Wednesday, July 09, 2003

Last night at Edison Field the Royals blanked the Angels and I had many questions. Why is the bullpen so distant from the dugout? Shouldn’t the pitchers sit with their teammates? What’s the record for the shortest nine-inning game? Why do they call them nosebleed seats? Fortunately on the way to the ballpark I found a chapbook by Juliana Spahr hidden in the backseat of my housemate’s car entitled Uneveness & The Blood Sonnets (you can read an early excerpt here, via How2. The chapbook version is much revised). Spahr is a poet and professor at the University of Hawaii, Manoa and, along with Jena Osman, edits the journal Chain. Uneveness charts Spahr's relocation to Hawaii with two friends and their consequent colonial jitters.
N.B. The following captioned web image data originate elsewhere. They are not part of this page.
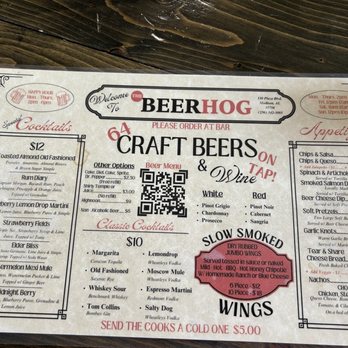The Beer Hog - Menu - Bars Near Me - Madison, Alabama The Beer Hog - Menu - Bars Near Me - Madison, Alabama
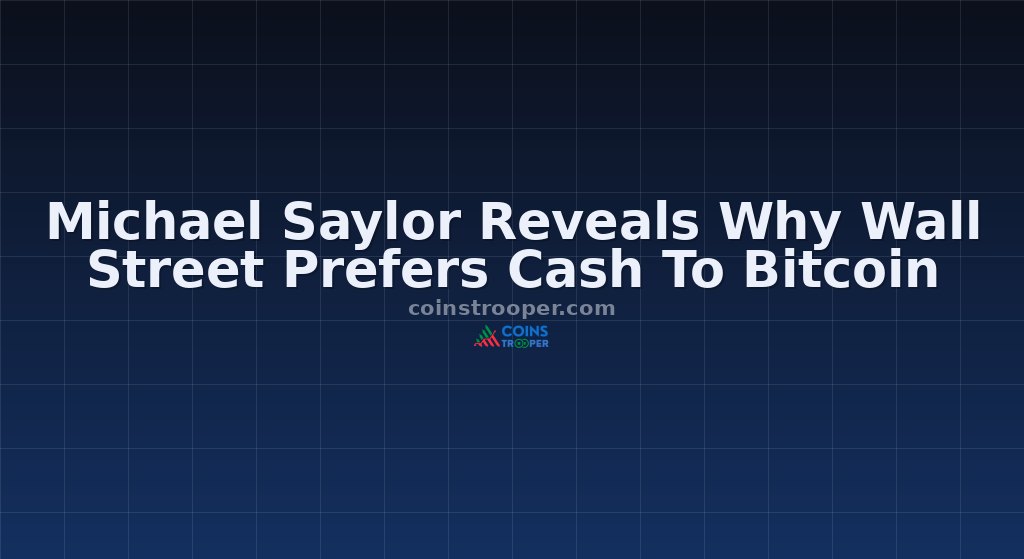 Michael Saylor Reveals Why Wall Street Prefers Cash To Bitcoin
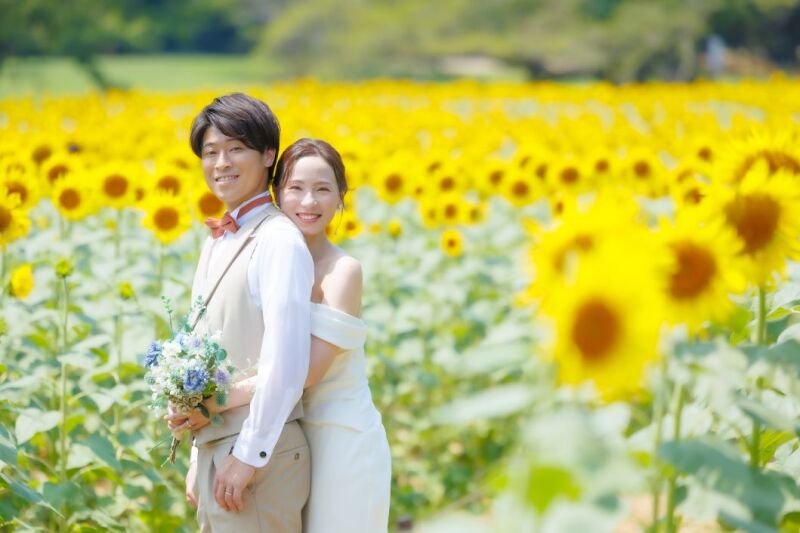 2025年8月　ひまわり前撮り撮影！フォトウエディングの最新レポート♡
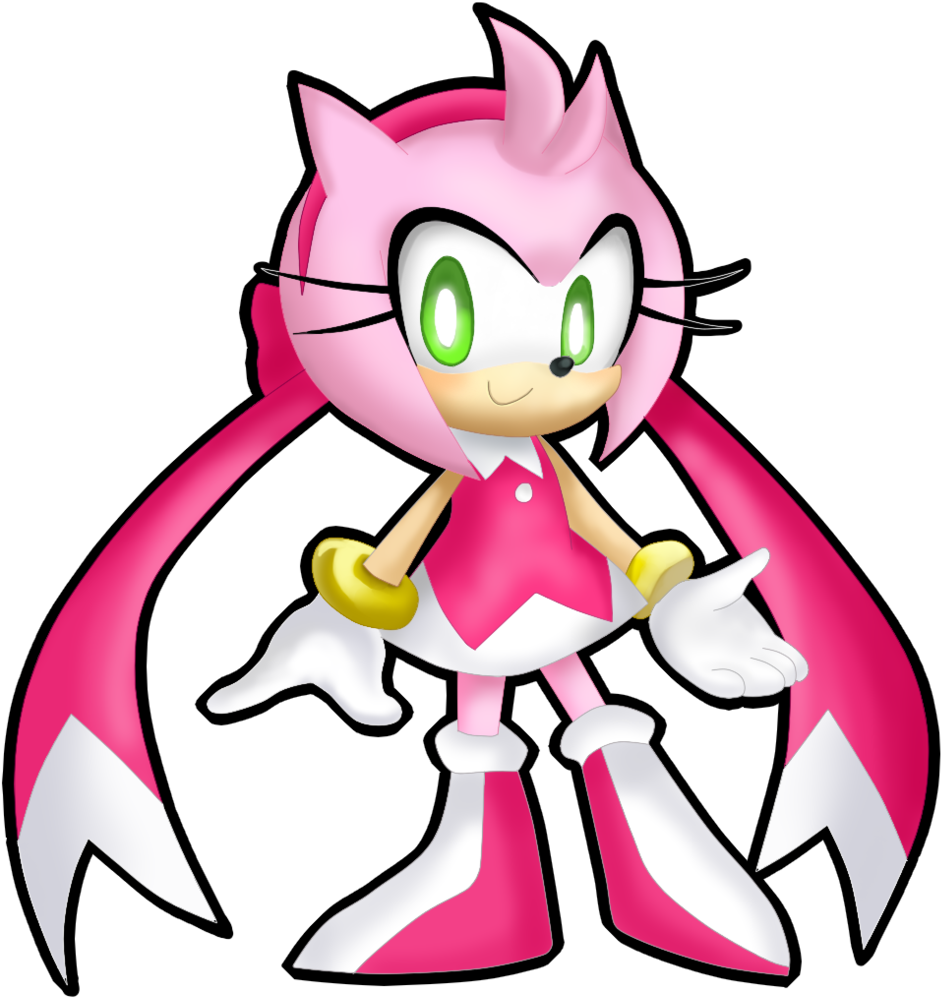 Blueblur1207 21 3 Skyline Amy 3d Test By Masterhands-paper - Sonic Skyline Sonic And Amy (941x998), Png Download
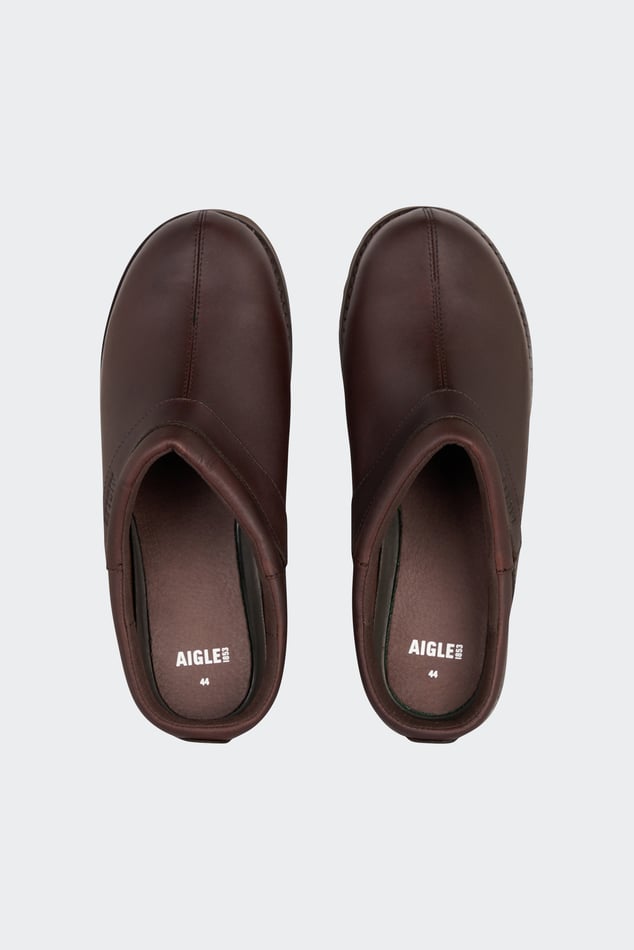 Sabots de cuir homme - Basilohomme Sabots de cuir homme - Basilohomme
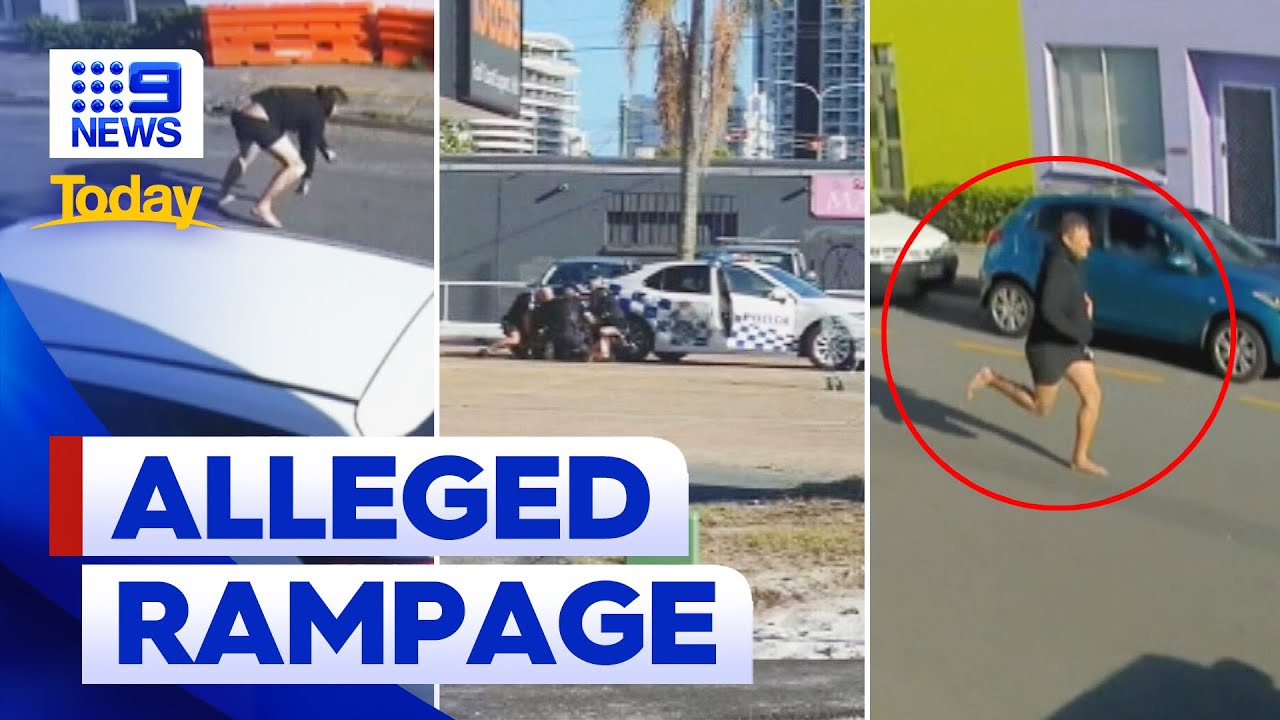 Man charged after alleged Gold Coast rampage | 9 News Australia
They wonder whether they can in good faith live in a place with a history of colonialism. "Then they began to realize that it was hard to find a place that had not been colonized by someone at some time." Spahr eloquently recounts in her narrative how she managed to come to terms with her place in the island's history. Most importantly she continues to learn from other writers, including Hawaiian writers and post-colonial writers whom she had previously found irrelevant to her work. In time, living in Hawaii and reading all the available poetry (including poetry of the sovereignty movement) leads Spahr and her friends to re-evaluate the "radical" poetic practices they had been taught in graduate school: "It wasn't that they had to give up their love of the radical as defined as modernist techniques," she writes. "It was that they had to resee the radical, to see it as the continent not the mainland or as one space in a sea of islands. They began to see poetry as a series of contiguous systems, systems that didn't merge but that were beside one another."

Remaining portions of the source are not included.